The old New England Puritans would have been horrified. They’re the ones who punished people for celebrating Christmas, viewing it as a pagan or perhaps even worse, a Roman Catholic holiday inseparably linked to debauchery. The foodie Thanksgiving, what’s viewed in some quarters as the year’s grandest dinner party, would have caused them to roll their eyes at least, if not throw all participants in the stocks forthwith.  

Plain or fancy, contemporary Thanksgiving tables are usually opportunities for committing what preachers of all stripes might denounce as the sin of gluttony. In the post-religious pockets of today’s society, it’s the number one deadly sin, far outstripping lust, the old champion which has almost disappeared from the roster of sins.  

Gluttony is most often ascribed to those who eat differently from oneself, especially those who sometimes indulge in cheap food, quintessentially at McDonald’s. But on Thanksgiving over-eating is culturally sanctioned, regardless of what’s actually consumed. 
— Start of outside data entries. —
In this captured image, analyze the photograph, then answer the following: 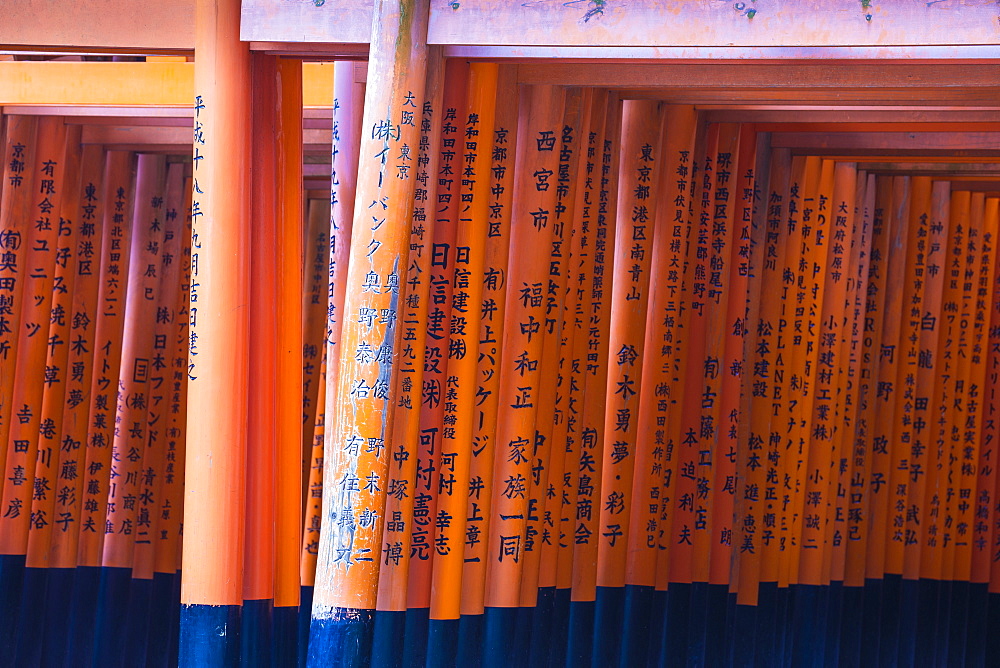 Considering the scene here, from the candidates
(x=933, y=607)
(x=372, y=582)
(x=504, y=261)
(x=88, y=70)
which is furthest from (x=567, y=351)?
(x=933, y=607)

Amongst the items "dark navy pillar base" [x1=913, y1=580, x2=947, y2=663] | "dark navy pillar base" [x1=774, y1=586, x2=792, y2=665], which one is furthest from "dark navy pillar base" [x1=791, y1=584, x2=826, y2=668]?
"dark navy pillar base" [x1=913, y1=580, x2=947, y2=663]

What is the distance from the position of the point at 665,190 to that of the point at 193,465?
3.28m

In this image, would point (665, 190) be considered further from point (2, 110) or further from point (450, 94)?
point (2, 110)

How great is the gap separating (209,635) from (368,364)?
4.35 ft

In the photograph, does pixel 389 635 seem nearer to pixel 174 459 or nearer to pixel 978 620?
pixel 174 459

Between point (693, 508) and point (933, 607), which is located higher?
point (693, 508)

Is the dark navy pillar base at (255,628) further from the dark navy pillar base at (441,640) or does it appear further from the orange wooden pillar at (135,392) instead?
the orange wooden pillar at (135,392)

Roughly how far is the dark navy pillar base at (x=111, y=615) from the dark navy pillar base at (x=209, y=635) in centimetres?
362

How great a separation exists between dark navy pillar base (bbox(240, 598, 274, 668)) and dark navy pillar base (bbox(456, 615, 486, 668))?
2.92 feet

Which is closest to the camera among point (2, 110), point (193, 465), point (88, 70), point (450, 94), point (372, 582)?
point (372, 582)

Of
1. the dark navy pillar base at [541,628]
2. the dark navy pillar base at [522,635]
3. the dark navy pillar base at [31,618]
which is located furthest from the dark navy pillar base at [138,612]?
the dark navy pillar base at [522,635]

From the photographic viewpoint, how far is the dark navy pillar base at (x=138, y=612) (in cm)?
920

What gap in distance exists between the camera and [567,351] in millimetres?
6848

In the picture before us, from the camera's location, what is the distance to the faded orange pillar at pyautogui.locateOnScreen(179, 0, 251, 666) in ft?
17.8
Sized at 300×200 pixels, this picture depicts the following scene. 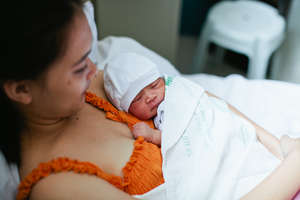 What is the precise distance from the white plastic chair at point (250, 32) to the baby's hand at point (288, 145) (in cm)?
89

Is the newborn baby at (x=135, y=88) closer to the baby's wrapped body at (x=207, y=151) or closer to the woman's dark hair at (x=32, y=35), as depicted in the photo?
the baby's wrapped body at (x=207, y=151)

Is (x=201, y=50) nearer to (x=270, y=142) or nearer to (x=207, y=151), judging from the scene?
(x=270, y=142)

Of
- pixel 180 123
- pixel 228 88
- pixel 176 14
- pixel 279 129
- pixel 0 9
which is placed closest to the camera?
pixel 0 9

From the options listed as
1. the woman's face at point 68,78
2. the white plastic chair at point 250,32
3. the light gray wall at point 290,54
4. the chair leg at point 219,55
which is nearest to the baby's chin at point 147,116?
the woman's face at point 68,78

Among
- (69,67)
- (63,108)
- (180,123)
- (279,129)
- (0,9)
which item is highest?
(0,9)

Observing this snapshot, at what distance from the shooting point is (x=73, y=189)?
781 millimetres

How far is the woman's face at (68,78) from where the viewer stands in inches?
28.7

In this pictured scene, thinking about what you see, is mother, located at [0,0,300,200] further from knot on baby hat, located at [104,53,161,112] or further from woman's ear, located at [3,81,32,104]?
knot on baby hat, located at [104,53,161,112]

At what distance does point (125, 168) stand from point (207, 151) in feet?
0.81

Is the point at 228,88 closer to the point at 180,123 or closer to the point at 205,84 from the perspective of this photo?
the point at 205,84

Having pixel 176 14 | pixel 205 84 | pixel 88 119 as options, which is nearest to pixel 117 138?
pixel 88 119

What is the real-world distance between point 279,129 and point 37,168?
87cm

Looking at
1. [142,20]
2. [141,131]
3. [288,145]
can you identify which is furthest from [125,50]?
[288,145]

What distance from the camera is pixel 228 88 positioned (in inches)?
55.8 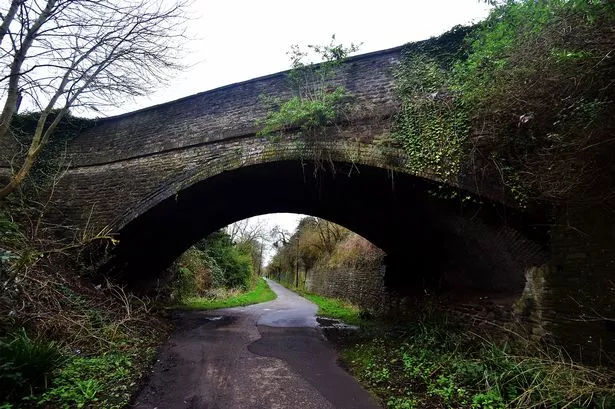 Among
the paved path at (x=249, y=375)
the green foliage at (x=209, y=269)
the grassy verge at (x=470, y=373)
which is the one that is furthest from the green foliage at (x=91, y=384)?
the green foliage at (x=209, y=269)

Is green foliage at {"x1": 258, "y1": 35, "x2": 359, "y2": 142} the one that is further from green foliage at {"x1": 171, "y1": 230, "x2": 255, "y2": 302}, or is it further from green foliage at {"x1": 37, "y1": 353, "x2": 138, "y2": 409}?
green foliage at {"x1": 171, "y1": 230, "x2": 255, "y2": 302}

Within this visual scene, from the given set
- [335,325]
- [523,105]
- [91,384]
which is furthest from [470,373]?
[335,325]

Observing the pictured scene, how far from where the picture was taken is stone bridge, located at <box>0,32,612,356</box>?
244 inches

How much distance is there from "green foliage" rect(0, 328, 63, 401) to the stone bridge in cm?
311

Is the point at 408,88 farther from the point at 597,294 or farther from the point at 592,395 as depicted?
the point at 592,395

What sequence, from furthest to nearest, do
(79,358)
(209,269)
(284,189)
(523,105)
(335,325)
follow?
(209,269), (335,325), (284,189), (523,105), (79,358)

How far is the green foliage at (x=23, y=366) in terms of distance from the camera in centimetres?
344

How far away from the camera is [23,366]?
361 centimetres

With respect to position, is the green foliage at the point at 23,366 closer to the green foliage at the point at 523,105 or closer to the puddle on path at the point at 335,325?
the green foliage at the point at 523,105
There’s a monster dispute between those who think of Thanksgiving as an opportunity for consumption of large quantities of televised football and those who don’t. In the traditional households of the old Midwest, no problem: the women cooked, the men watched the games. Here, now, it’s a little more complicated. Fans, both men and women, feel compelled to just sneak a peek at the screen while also lending a hand with the potato peeling. If the timing of dinner is right, some manage to do both openly, but it’s not easy. 

When you think about it, cultural clashes mean that not much about the 21st Century California Thanksgiving is easy, unless of course you decide to make it so, which is the best course of action. One of its manifest virtues is that it’s quasi-religious while also being completely non-sectarian. It’s good to feel grateful, isn’t it, as long as you don’t have to define whom or what you’re grateful to. You can say grace before dinner, or not, depending on the custom of your people. It’s ideal if someone at the table can sing a traditional blessing for food in Hebrew, especially if most guests don’t understand the language, which prevents theological arguments. 

Whatever you decide to do for Thanksgiving, have fun doing it. If you don’t have a gathering to attend, join the volunteers at the many soup kitchens which need help with their meals.  

You can even enjoy having nothing to do. On our first Thanksgiving in frigid Michigan, where we knew no one and when we had no children, we spent the whole day in bed, keeping warm under the covers and catching up on our reading, and it was great.  

Myself, these days I don’t care what prayers you say or what food you bring to the table as long as you bring the kids. For me, Thanksgiving is the ideal opportunity to enjoy the latest additions to the next generation. This year, it’s a new grand-nephew to rejoice in, not to mention his bumptious 2-year-old brother, who seems to greet every new experience with enormous enthusiasm—a model for us all this Thanksgiving and every day.